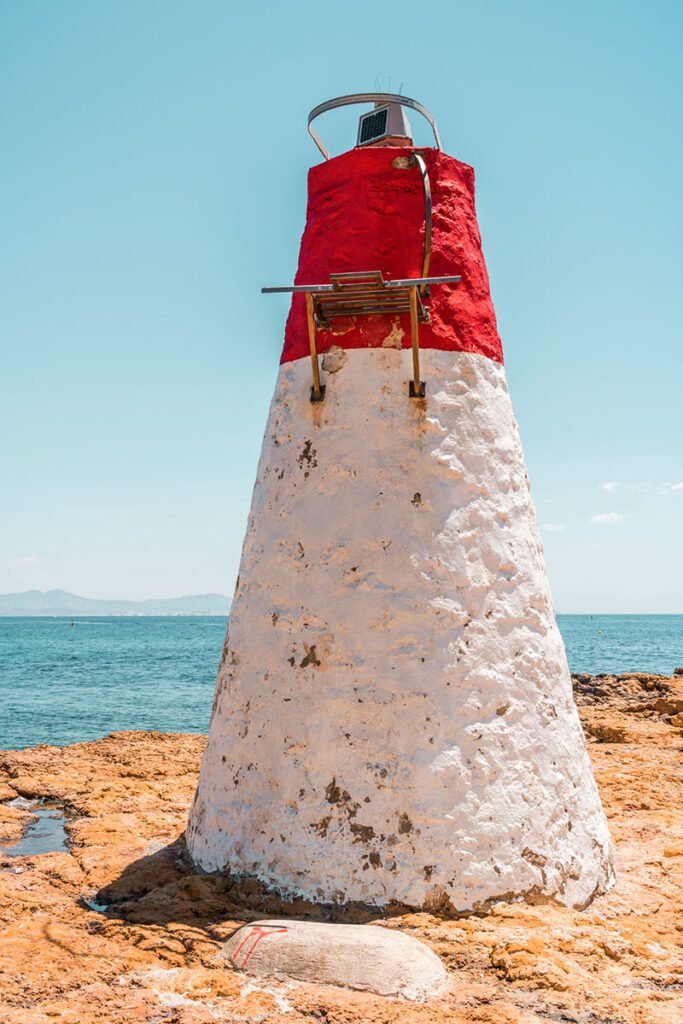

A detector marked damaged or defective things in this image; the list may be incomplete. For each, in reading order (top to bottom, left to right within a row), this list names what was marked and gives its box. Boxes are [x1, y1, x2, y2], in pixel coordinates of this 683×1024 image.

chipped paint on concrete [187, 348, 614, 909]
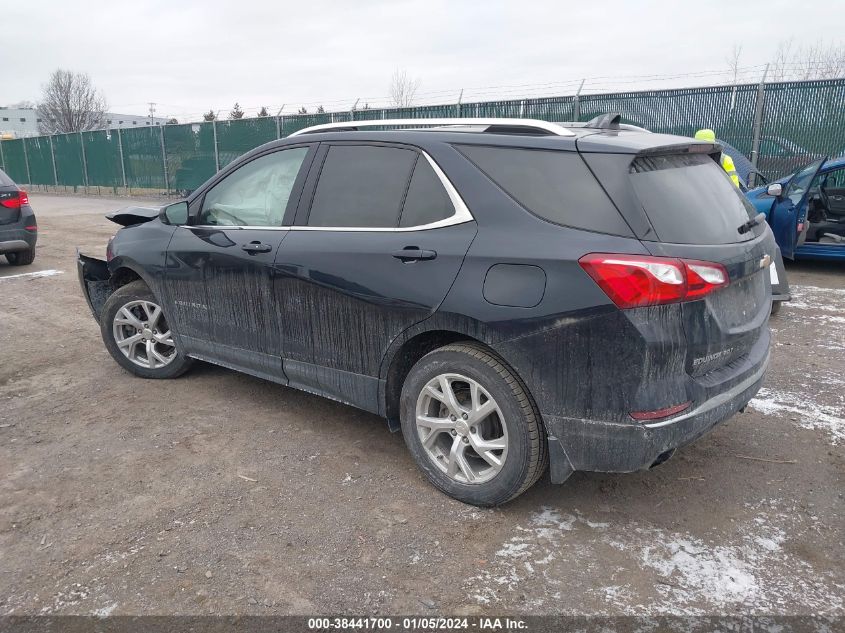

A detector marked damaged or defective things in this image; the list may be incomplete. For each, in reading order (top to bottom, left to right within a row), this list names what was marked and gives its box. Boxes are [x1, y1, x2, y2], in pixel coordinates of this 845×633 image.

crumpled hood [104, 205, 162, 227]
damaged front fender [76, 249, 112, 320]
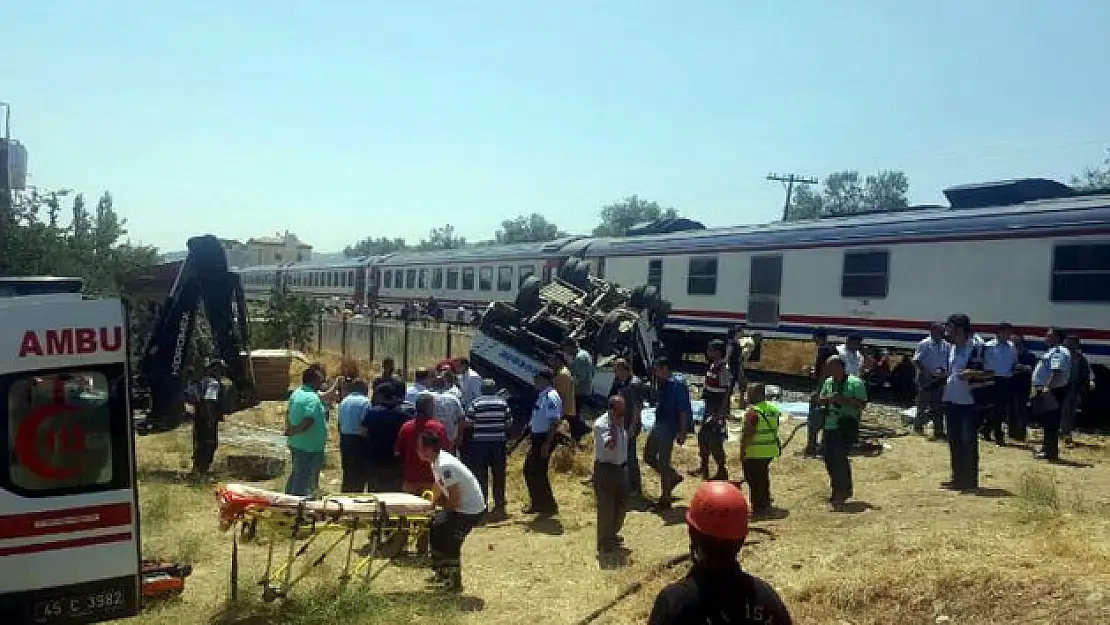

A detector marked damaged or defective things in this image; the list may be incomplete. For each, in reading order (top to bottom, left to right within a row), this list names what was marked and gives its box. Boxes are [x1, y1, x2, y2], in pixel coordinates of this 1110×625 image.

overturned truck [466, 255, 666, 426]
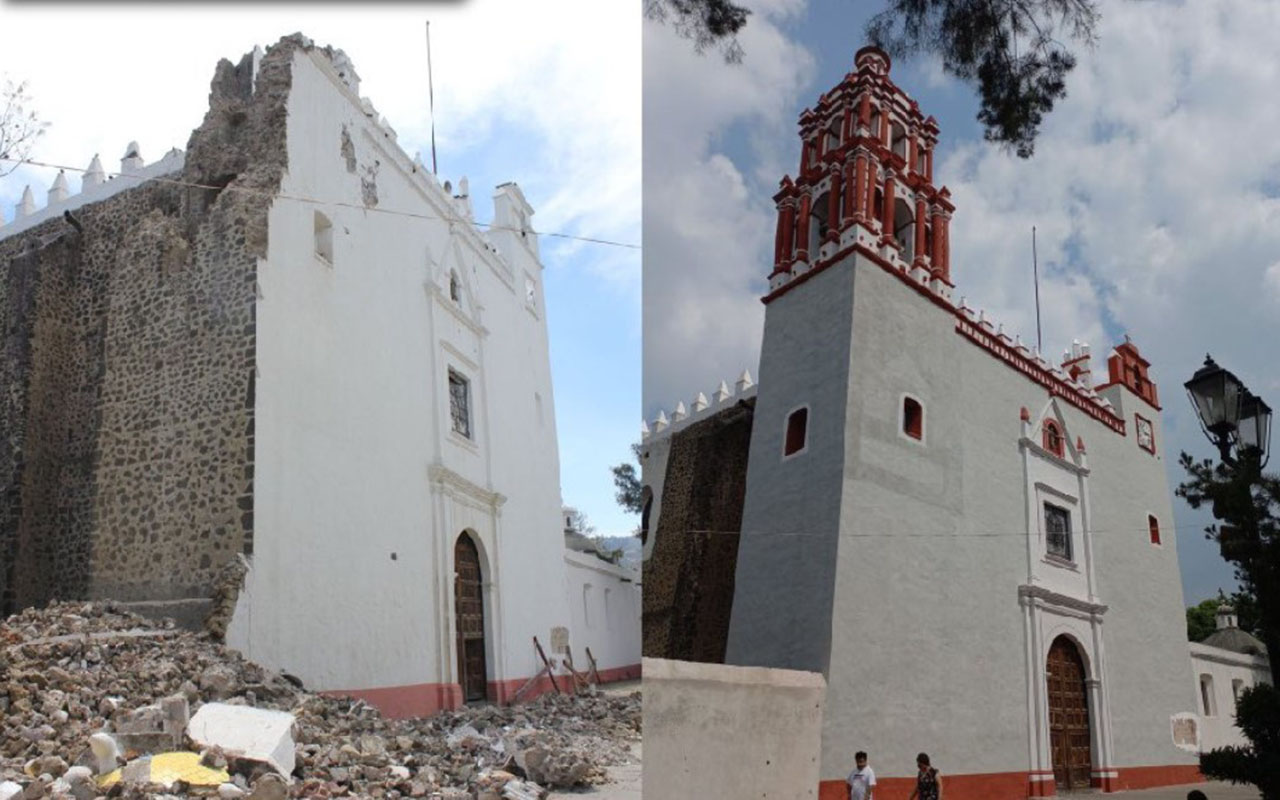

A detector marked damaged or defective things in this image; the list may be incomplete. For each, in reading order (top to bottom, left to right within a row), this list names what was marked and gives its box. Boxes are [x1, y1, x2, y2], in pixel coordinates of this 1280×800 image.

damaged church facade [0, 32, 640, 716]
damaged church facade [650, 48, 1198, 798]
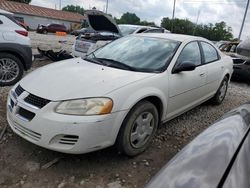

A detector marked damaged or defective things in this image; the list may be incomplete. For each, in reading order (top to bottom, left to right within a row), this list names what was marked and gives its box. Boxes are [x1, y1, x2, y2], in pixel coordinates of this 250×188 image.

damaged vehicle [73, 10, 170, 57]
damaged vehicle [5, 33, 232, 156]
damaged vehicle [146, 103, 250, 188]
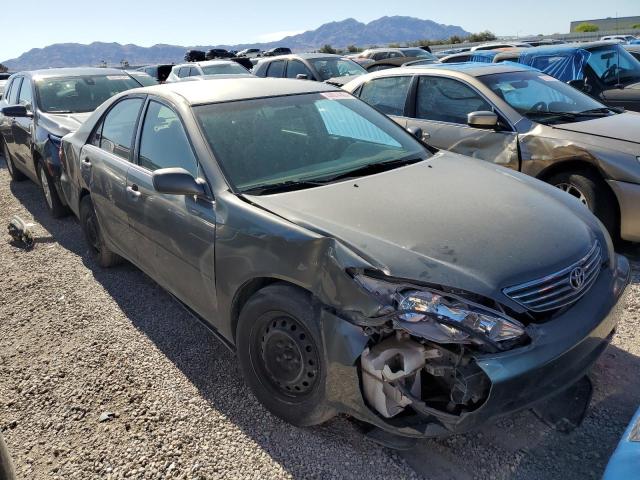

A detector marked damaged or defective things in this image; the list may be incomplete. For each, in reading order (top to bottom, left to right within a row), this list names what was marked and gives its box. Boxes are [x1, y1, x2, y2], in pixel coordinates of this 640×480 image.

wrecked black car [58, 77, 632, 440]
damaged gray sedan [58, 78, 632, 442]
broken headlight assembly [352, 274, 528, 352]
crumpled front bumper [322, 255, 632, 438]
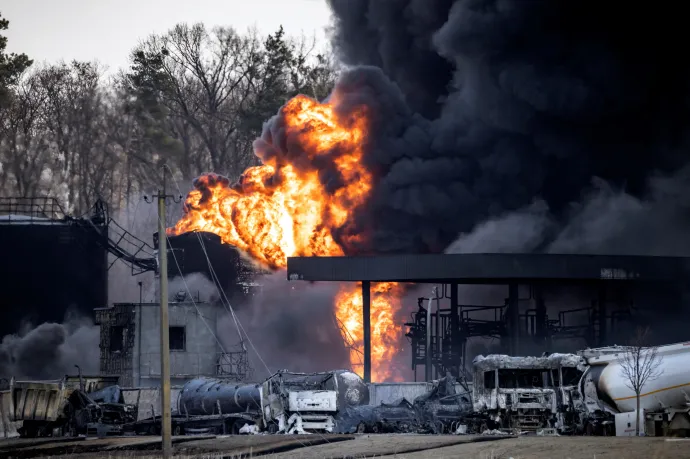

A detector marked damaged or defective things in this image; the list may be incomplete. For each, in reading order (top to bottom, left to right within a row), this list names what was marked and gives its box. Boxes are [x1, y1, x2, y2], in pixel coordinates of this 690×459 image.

## Exercise
Write every record out again exactly; no pictures belong in the copy.

## Problem solution
A detector marked damaged or defective things in this image; the list may be incomplete. For each, in reading order (top to bottom, left to right within a row), this list names what was marked and gives its box. Boxes are [x1, y1, x2, y2], in pixel coordinates of this 683×1024 image.

chipped paint on concrete [187, 348, 614, 909]

A detector marked damaged or defective things in this image; the list may be incomplete. For each, in reading order (top to bottom, left to right within a row), this list names what was marked and gives its box. Boxes are [x1, y1, x2, y2], in pixel coordinates of this 845×633 image.

crumpled hood [104, 205, 162, 227]
damaged front fender [76, 249, 112, 320]

A detector marked damaged or defective things in this image; the list may be incomplete. For each, in reading order (top to bottom, left to right within a row), this list names what was marked and gives its box. Boxes are [x1, y1, x2, y2], in pixel coordinates of this 1110×625 image.

overturned truck [466, 255, 666, 426]

A detector marked damaged or defective things in this image; the list may be incomplete. For each, in reading order (top to bottom, left to right within a row), this list names what was marked and gives its box. Boxes are [x1, y1, x2, y2], in pixel coordinates of this 1280×800 image.

damaged church facade [0, 32, 640, 716]
damaged church facade [650, 48, 1198, 798]

A detector marked damaged or defective things in this image; the list may be incomplete. For each, in reading order (top to bottom, left to right within a row), this list names what was marked and gives its box. Boxes are [x1, y1, x2, y2], in pixel coordinates of this 250×188 image.

damaged vehicle [73, 10, 170, 57]
damaged vehicle [5, 33, 232, 156]
damaged vehicle [146, 103, 250, 188]

A detector marked damaged or defective things in this image; the list may be incomplete. For each, in reading order (top to bottom, left to right within a row), this list names what was marked and gives its box. Boxes are [x1, y1, x2, y2], in pixel coordinates of this 640×480 image.

wrecked black car [58, 77, 632, 440]
damaged gray sedan [58, 78, 632, 442]
broken headlight assembly [352, 274, 528, 352]
crumpled front bumper [322, 255, 632, 438]

A detector marked damaged or defective things in this image; the list may be incomplete. For each, in reading order (top to bottom, left to right within a row), this list names what was marked and gives its box. Boxes are [x1, y1, x2, y2], in pixel coordinates of this 690×459 image.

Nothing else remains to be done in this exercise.